Os movimentos de Seixas e Santos não são exceções. O Quilombo Periférico (Psol), eleito para a Câmara de São Paulo, vai ceder um dos seis militantes para construir uma candidatura à Alesp. Julio Cesar vai compor outro quilombo e não será substituído.
“Julio é negro, gay, periférico e babalorixá. Não precisa ser substituído porque temos outras pessoas que atuam em linhas semelhantes”, diz Alex Barcellos, covereador que se identifica como branco. A cor da pele ganha relevância na defesa que faz da diversidade que deve reger os coletivos: “Depende do contraditório e de onde vêm essas pessoas. Eu sou um cara branco dentro da construção do movimento negro. Não basta ser antirracista. Tem que praticar, sem querer holofotes.”

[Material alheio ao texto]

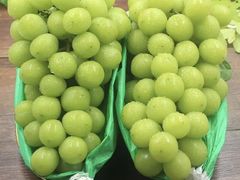 -巴城镇马料江村葡萄园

A remodelarem por qual passa o coletivo Juntas (Psol), eleito em 2018 para a Assembleia Legislativa de Pernambuco, por sua vez, tem o objetivo de reforçar a presença de pessoas trans no Congresso e ampliar a base do partido. Três das cinco integrantes do Juntas vão concorrer à reeleição: as militantes femininas Jô Cavalcanti, Joelma Carla, e Kátia Cunha. A jornalista Carol Vergolino e a advogada e trans Robeyoncé Lima vão tentar vaga na Câmara Federal.

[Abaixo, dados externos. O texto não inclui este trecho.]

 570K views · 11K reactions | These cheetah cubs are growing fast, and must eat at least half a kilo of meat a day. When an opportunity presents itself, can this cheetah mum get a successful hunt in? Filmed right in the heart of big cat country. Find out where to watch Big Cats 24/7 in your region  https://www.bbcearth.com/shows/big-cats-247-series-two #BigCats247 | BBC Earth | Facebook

“A ideia é que a gente amplie essa mandata. E também faz parte da estratégia do partido. As duas saindo com um número potencializam a chapa federal”, afirma Kátia Cunha.
Regulamentação
Aumentar a base da Frente Nacional de Mandatos e Mandatos Coletivos no Congresso pode ajudar na regulamentação das candidaturas coletivas, que depende de votação favorável à Proposta de Emenda à Constituição (PEC 379/2017) ou a um dos Projetos de Lei (PL 4475/2020 e PL 4724/2020). A PEC e os PL, porém, estão em banho-maria. Outra PEC, do senador Randolfe Rodrigues (Rede-AP), não conseguiu as 27 assinaturas necessárias para ser protocolada, segundo a codeputada Kátia Cunha.
A Frente tentou a regulamentação na reforma política de 2021, sem sucesso, mas vê como positiva a resolução do TSE de dezembro passado que autorizou a menção do grupo ou coletivo de apoiadores na composição do nome do candidato na urna eletrônica. “A perspectiva é muito boa”, comenta Luciana.
O senador Randolfe Rodrigues e a deputada Renata Abreu (Pode-SP), autora da PEC 379, não retornaram a pedidos de entrevista à DW Brasil.